:: Given data
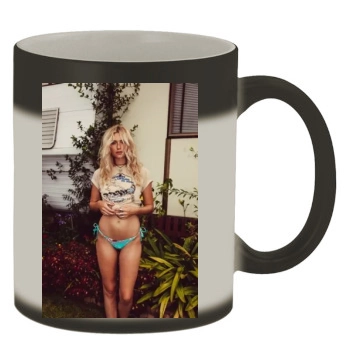 Farah Holt Color Changing Mug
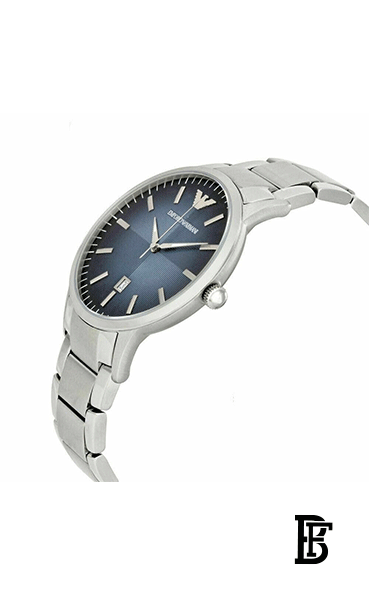 EMPORIO ARMANI Men's Stainless Steel Analog Watch AR2472 image 2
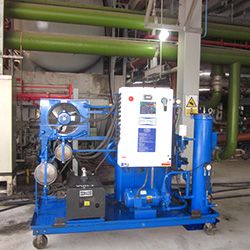 Water Removal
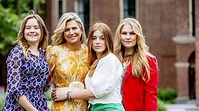 Princesas de Holanda: su protagonismo se vuelve cada vez mayor ...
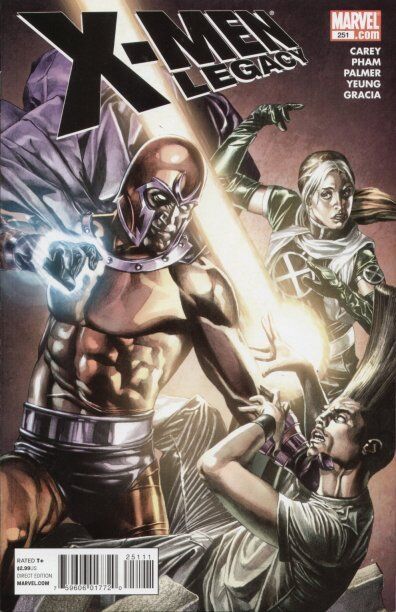 X-Men Vol. 1 (1991-2012) #251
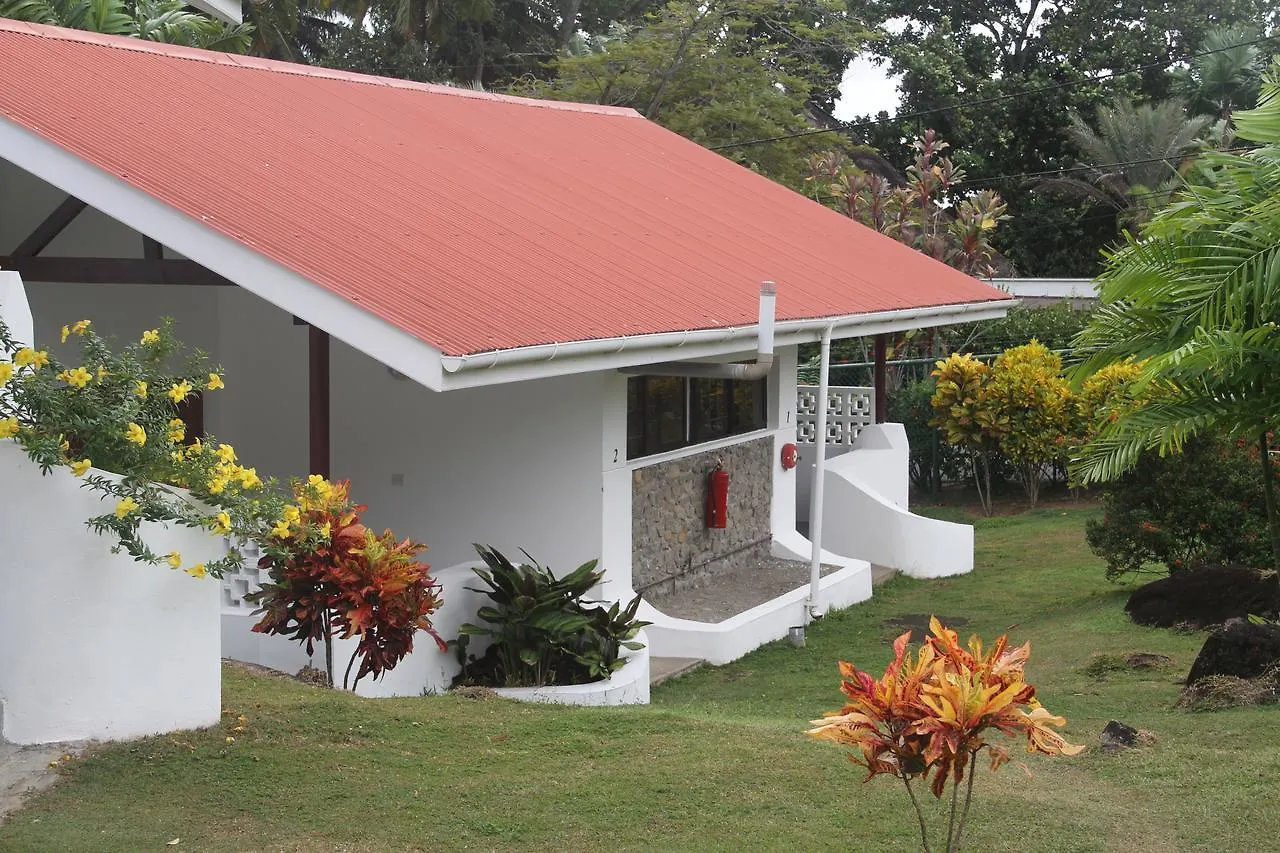 Daniella'S Bungalows Bel Ombre Bed & Breakfast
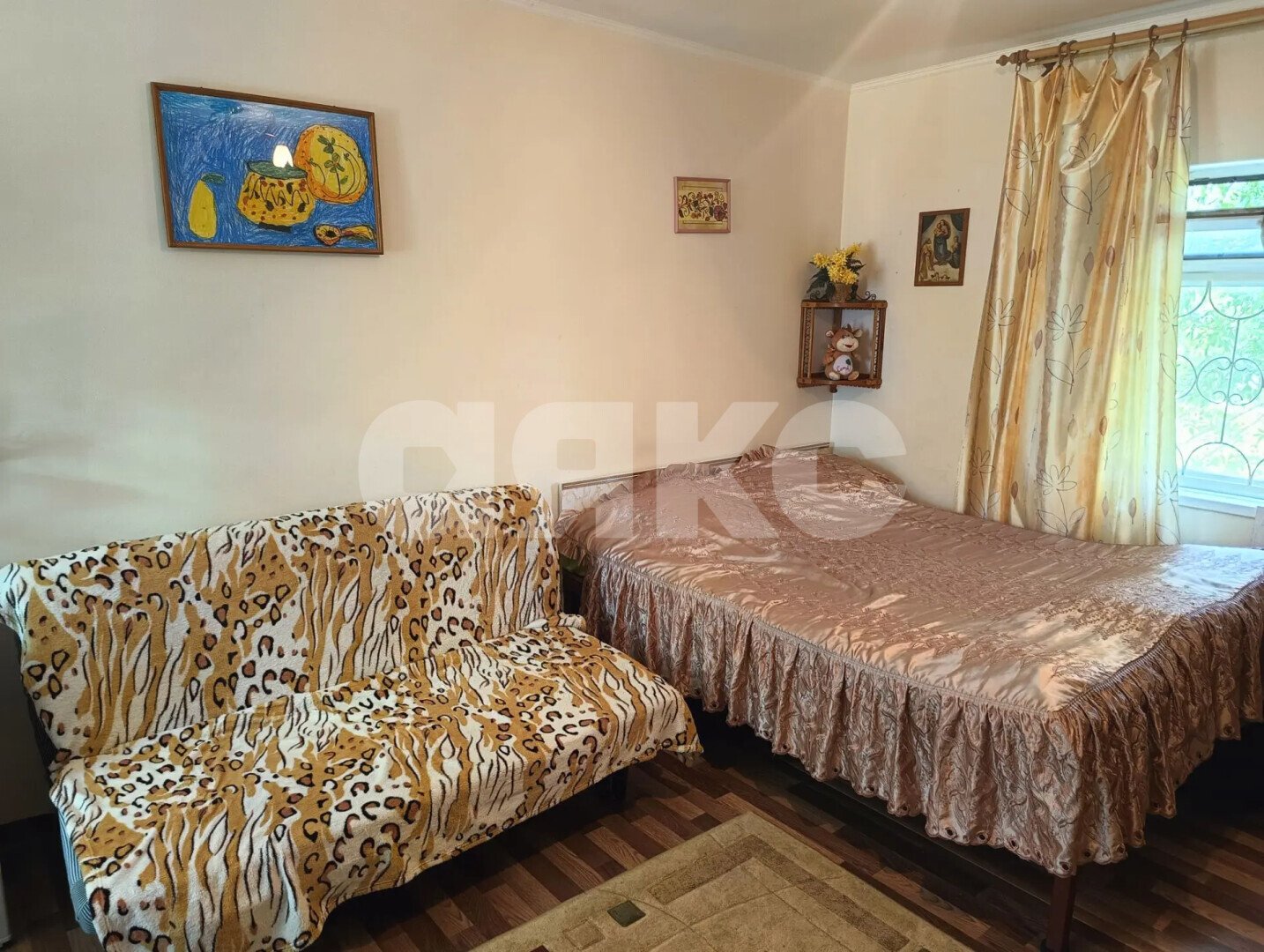 Фото №2: Студия 23&nbsp;м², 2/2&nbsp;эт. - Анапа, пр-д Межсанаторный, 29с3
::::
* **The task**
A faithful, word-for-word copy of the data is needed; the pictures should not appear in it.

* **Solution to this exercise**
 Farah Holt Color Changing Mug
 EMPORIO ARMANI Men's Stainless Steel Analog Watch AR2472 image 2
 Water Removal
 Princesas de Holanda: su protagonismo se vuelve cada vez mayor ...
 X-Men Vol. 1 (1991-2012) #251
 Daniella'S Bungalows Bel Ombre Bed & Breakfast
 Фото №2: Студия 23&nbsp;м², 2/2&nbsp;эт. - Анапа, пр-д Межсанаторный, 29с3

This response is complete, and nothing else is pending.